New technology is exciting as we think about the opportunities it creates to bring innovative solutions to our industry’s most critical challenges. Alas, it’s often the figurative hammer looking for a nail: we see cases that, when a new technology emerges, people rush to learn about it.

The challenge becomes the quest to find a use case so that we can justify its implementation. As a result, adoption by customers and the business is often lacking and there’s little return on investment.

Think about this: what’s in it for the traveler?

The better approach is the human-centered approach: to first consider the problem we’re trying to solve and for whom. Next, spend time trying to create or define the solution, whether it’s low-tech or high-tech.

Understand the impact that the new solution or technology will have on existing systems, processes, regulation and people. Once you understand the impact, think about how you’ll try to excite interest or address the areas of impact.

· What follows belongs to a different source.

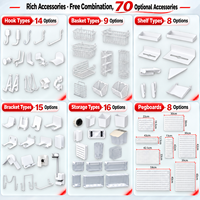 Kit d'accessoires pour panneau perforé, sans perçage, blanc, 10 crochets, 2 bacs, support de rangement mural pour la maison, le bureau ou le bureau à domicile.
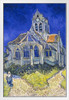 Vincent Van Gogh The Church at Auvers Van Gogh Wall Art Impressionist Portrait Painting Style Fine Art Home Decor Realism Romantic Artwork Decorative Wall Decor White Wood Framed Art Poster 14x20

Ask questions like: what’s in it for them? Why would they want to accept this new approach? By taking a more human-centered approach, we can find real solutions to real problems, ensuring a much better chance of success.

We need to apply this thinking to travel. In 2020 and onwards, we need to continue to emphasize how we’ll serve the connected traveler. Data provides the ability to gain intelligence that allows us to better meet customer needs and personalize their travel experience.

As we bring these disparate sources of information together we can create actions that are part of a cohesive strategy for creating the seamless travel journey, with a truly traveler-centric approach.